M. Brahmbatt pense que, dans la lutte contre la grippe aviaire, il est nécessaire de procéder à une évaluation minutieuse des résultats des différentes stratégies mises en œuvre actuellement, afin de voir si elles répondent aux attentes

Il cite entre autres stratégies de lutte contre la grippe aviaire, l'abattage et la vaccination de la volaille. «L'une des questions en rapport avec ses stratégies porte sur le niveau d'indemnisation des éleveurs, car un taux trop faible pourrait décourager les éleveurs qui seraient enclins à ne pas coopérer, tandis qu'une indemnisation trop élevée pourrait les encourager à ne pas prendre de mesures biosécuritaires appropriées pour leurs volailles».

M. Brahmbatt est d'avis qu'il faille prendre des mesures à long terme pour renforcer les capacités institutionnelles, réglementaires et techniques, tout en améliorant les systèmes de détection et de surveillance précoce en santé animale et humaine.

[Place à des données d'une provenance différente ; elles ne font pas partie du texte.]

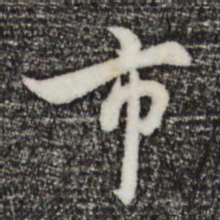 饶介市书法图片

«Même si nous venons à bout de la grippe aviaire, il y a d'autres maladies animales qui franchissent la frontière animale pour infecter les humains. En termes techniques, on les appelle zoonoses. Elles sont nombreuses et apparaissent de plus en plus. C'est dire que nous aurons à les gérer pendant quelque temps, d'où la nécessité pour nous d'avoir des institutions et des méthodes appropriées pour juguler ce problème», prévient-il.

«Et pour finir, je dirais qu'il y a un grand travail scientifique à abattre pour trouver de meilleurs médicaments, de meilleurs vaccins, de meilleurs antiviraux- et, même, produire ces produits plus rapidement et de manière moins onéreuse», car, « C'est seulement lorsqu'une pandémie se déclare, que nous y prêtons attention et que nous commençons à chercher le vaccin approprié. Habituellement, il fallait six à huit mois pour formuler le bon vaccin. Pendant ce temps, plusieurs personnes y auront laissé la vie. Tout cela représente beaucoup d'efforts», conclut-il.